Manitowoc County in Wisconsin fell victim to a phishing attack resulting in the theft of protected health information (PHI). The phishing incident happened on or close to January 14, 2018, but Manitowoc County only discovered the data breach on April 24.
The individual behind the attack had set up a redirect on the email account and all messages sent to the account were directed to another email account, which is not accessible to Manitowoc County staff. While PHI has been obtained by an unauthorized individual, no reports have been received to suggest any PHI has been misused.

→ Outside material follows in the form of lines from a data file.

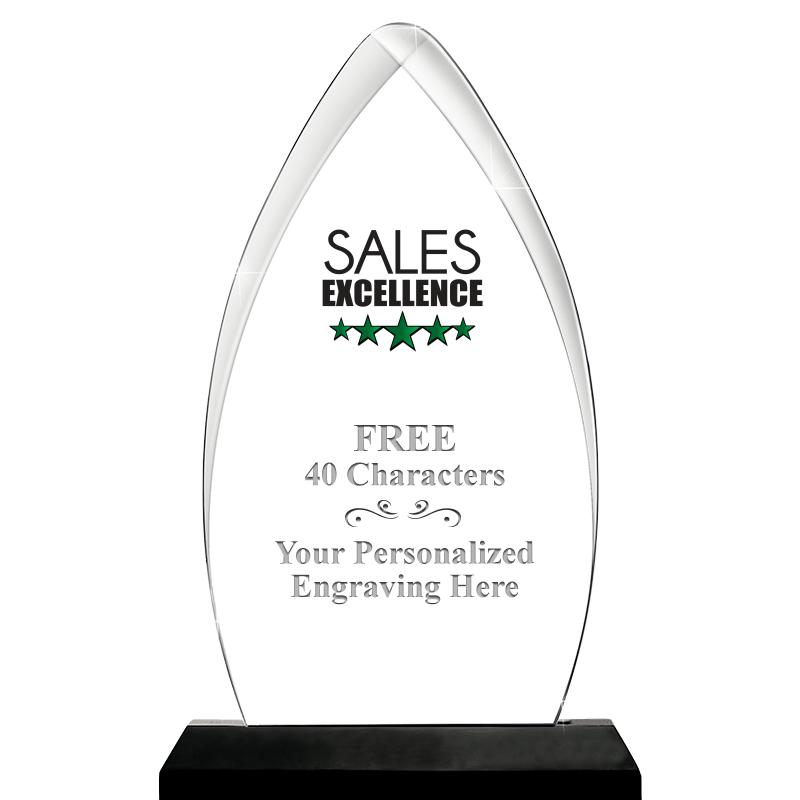 4.5"x6.75"GATEWAY SKYLINE/BASE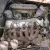 Fiat : Other S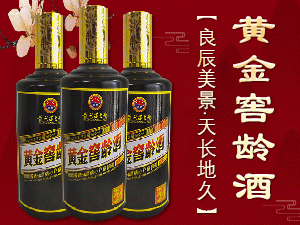 ����᯵����Q(m��o)���޹�˾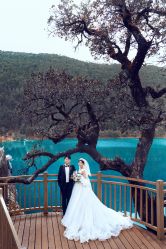 -屿爱摄影优选店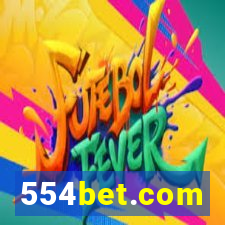 554bet.com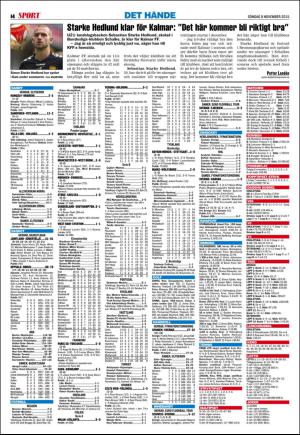 kvallsposten_bilag-20151108_000_00_00_014.pdf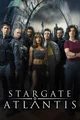 Stargate Atlantis RP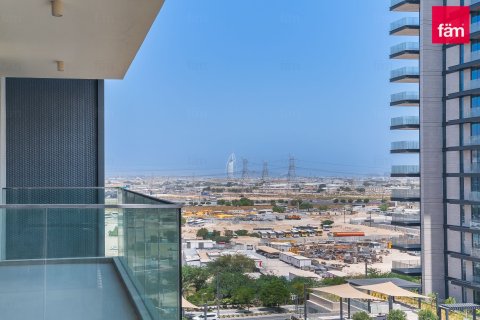 Apartment in Dubai Hills Estate, Dubai 1 bedroom, 78.3 sq.m. № 114042 - photo 21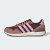 Thumbnail of adidas Originals Run 60s 4.0 (JS1007) [1]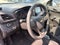 2017 Chevrolet Spark LS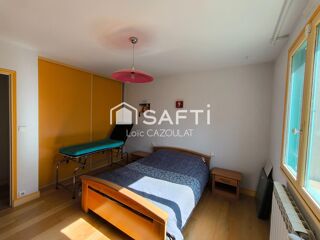  Maison � vendre 10 pi�ces 236 m�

The stolen information includes names, phone numbers, addresses, email addresses and birth dates, health data, insurance details, medications, diagnoses, treatment related data and client ID numbers. Manitowoc County has sent notification letters to the individuals affected by the phishing attack.
Manitowoc County has warned breach victims of the risk of phishing emails claiming to be from Manitowoc County. County officials stated they will not ask patients to provide personal information via email or telephone about this incident. Individuals impacted by this attack have also been told to be wary of any email containing attachments and hyperlinks and to be alert to the risk of phishing and that they should not disclose sensitive information to anyone over the phone.
Manitowoc County has now taken further steps to improve its security controls and new protocols have been developed to reduce the potential for further successful phishing attacks. Employee training will also be enhanced to raise awareness of the risk of phishing.
Manitowoc County had not disclosed to the public how many individuals were impacted by the incident and the data breach is not yet listed on the breach portal of the Department of Health and Human Services’ Office for Civil Rights.